▶ Task goal
Output each line of the listing that follows, with every character kept as it is.

▶ Input data
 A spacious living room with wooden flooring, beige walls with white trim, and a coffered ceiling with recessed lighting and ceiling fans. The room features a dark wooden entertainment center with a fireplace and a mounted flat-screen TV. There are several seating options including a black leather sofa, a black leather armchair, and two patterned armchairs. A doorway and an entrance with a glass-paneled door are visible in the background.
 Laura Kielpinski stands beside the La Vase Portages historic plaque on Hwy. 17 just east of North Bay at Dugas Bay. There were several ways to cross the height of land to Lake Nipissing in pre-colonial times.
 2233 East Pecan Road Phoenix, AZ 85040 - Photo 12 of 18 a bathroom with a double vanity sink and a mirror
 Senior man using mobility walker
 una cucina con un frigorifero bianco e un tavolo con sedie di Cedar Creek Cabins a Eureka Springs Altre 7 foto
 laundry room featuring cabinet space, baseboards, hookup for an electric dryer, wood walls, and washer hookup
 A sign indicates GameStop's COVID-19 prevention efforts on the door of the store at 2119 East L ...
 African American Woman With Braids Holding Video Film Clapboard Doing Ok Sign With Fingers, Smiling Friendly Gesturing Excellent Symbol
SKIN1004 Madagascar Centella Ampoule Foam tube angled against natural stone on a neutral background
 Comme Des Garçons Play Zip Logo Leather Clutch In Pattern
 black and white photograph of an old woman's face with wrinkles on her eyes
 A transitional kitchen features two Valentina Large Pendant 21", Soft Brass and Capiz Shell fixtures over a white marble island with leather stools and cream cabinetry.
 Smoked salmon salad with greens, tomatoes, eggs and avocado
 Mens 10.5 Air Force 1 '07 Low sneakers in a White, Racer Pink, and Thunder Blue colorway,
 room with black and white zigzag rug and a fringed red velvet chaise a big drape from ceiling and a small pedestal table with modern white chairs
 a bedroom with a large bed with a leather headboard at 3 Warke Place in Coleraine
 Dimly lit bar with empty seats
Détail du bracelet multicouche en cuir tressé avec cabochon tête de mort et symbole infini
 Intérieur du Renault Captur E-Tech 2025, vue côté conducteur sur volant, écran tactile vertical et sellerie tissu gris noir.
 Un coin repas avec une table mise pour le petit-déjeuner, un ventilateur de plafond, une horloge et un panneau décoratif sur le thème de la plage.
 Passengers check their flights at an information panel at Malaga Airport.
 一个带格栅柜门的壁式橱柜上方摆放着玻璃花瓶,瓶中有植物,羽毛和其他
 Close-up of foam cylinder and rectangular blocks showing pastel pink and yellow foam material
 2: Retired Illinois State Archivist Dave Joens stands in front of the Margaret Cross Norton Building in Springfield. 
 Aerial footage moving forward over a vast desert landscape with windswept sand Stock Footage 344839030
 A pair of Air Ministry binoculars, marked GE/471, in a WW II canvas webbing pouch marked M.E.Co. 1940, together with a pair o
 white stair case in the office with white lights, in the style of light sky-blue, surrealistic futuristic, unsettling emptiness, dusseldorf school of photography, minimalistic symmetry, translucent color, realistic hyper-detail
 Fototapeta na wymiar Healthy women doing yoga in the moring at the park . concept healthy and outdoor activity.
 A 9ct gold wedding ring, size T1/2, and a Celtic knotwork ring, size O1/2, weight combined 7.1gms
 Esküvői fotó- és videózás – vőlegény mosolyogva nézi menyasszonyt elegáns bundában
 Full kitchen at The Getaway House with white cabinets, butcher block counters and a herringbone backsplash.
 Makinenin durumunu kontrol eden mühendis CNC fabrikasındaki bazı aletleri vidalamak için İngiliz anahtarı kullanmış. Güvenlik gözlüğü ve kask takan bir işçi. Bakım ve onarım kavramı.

▶ Response to this exercise
 A spacious living room with wooden flooring, beige walls with white trim, and a coffered ceiling with recessed lighting and ceiling fans. The room features a dark wooden entertainment center with a fireplace and a mounted flat-screen TV. There are several seating options including a black leather sofa, a black leather armchair, and two patterned armchairs. A doorway and an entrance with a glass-paneled door are visible in the background.
 Laura Kielpinski stands beside the La Vase Portages historic plaque on Hwy. 17 just east of North Bay at Dugas Bay. There were several ways to cross the height of land to Lake Nipissing in pre-colonial times.
 2233 East Pecan Road Phoenix, AZ 85040 - Photo 12 of 18 a bathroom with a double vanity sink and a mirror
 Senior man using mobility walker
 una cucina con un frigorifero bianco e un tavolo con sedie di Cedar Creek Cabins a Eureka Springs Altre 7 foto
 laundry room featuring cabinet space, baseboards, hookup for an electric dryer, wood walls, and washer hookup
 A sign indicates GameStop's COVID-19 prevention efforts on the door of the store at 2119 East L ...
 African American Woman With Braids Holding Video Film Clapboard Doing Ok Sign With Fingers, Smiling Friendly Gesturing Excellent Symbol
SKIN1004 Madagascar Centella Ampoule Foam tube angled against natural stone on a neutral background
 Comme Des Garçons Play Zip Logo Leather Clutch In Pattern
 black and white photograph of an old woman's face with wrinkles on her eyes
 A transitional kitchen features two Valentina Large Pendant 21", Soft Brass and Capiz Shell fixtures over a white marble island with leather stools and cream cabinetry.
 Smoked salmon salad with greens, tomatoes, eggs and avocado
 Mens 10.5 Air Force 1 '07 Low sneakers in a White, Racer Pink, and Thunder Blue colorway,
 room with black and white zigzag rug and a fringed red velvet chaise a big drape from ceiling and a small pedestal table with modern white chairs
 a bedroom with a large bed with a leather headboard at 3 Warke Place in Coleraine
 Dimly lit bar with empty seats
Détail du bracelet multicouche en cuir tressé avec cabochon tête de mort et symbole infini
 Intérieur du Renault Captur E-Tech 2025, vue côté conducteur sur volant, écran tactile vertical et sellerie tissu gris noir.
 Un coin repas avec une table mise pour le petit-déjeuner, un ventilateur de plafond, une horloge et un panneau décoratif sur le thème de la plage.
 Passengers check their flights at an information panel at Malaga Airport.
 一个带格栅柜门的壁式橱柜上方摆放着玻璃花瓶,瓶中有植物,羽毛和其他
 Close-up of foam cylinder and rectangular blocks showing pastel pink and yellow foam material
 2: Retired Illinois State Archivist Dave Joens stands in front of the Margaret Cross Norton Building in Springfield. 
 Aerial footage moving forward over a vast desert landscape with windswept sand Stock Footage 344839030
 A pair of Air Ministry binoculars, marked GE/471, in a WW II canvas webbing pouch marked M.E.Co. 1940, together with a pair o
 white stair case in the office with white lights, in the style of light sky-blue, surrealistic futuristic, unsettling emptiness, dusseldorf school of photography, minimalistic symmetry, translucent color, realistic hyper-detail
 Fototapeta na wymiar Healthy women doing yoga in the moring at the park . concept healthy and outdoor activity.
 A 9ct gold wedding ring, size T1/2, and a Celtic knotwork ring, size O1/2, weight combined 7.1gms
 Esküvői fotó- és videózás – vőlegény mosolyogva nézi menyasszonyt elegáns bundában
 Full kitchen at The Getaway House with white cabinets, butcher block counters and a herringbone backsplash.
 Makinenin durumunu kontrol eden mühendis CNC fabrikasındaki bazı aletleri vidalamak için İngiliz anahtarı kullanmış. Güvenlik gözlüğü ve kask takan bir işçi. Bakım ve onarım kavramı.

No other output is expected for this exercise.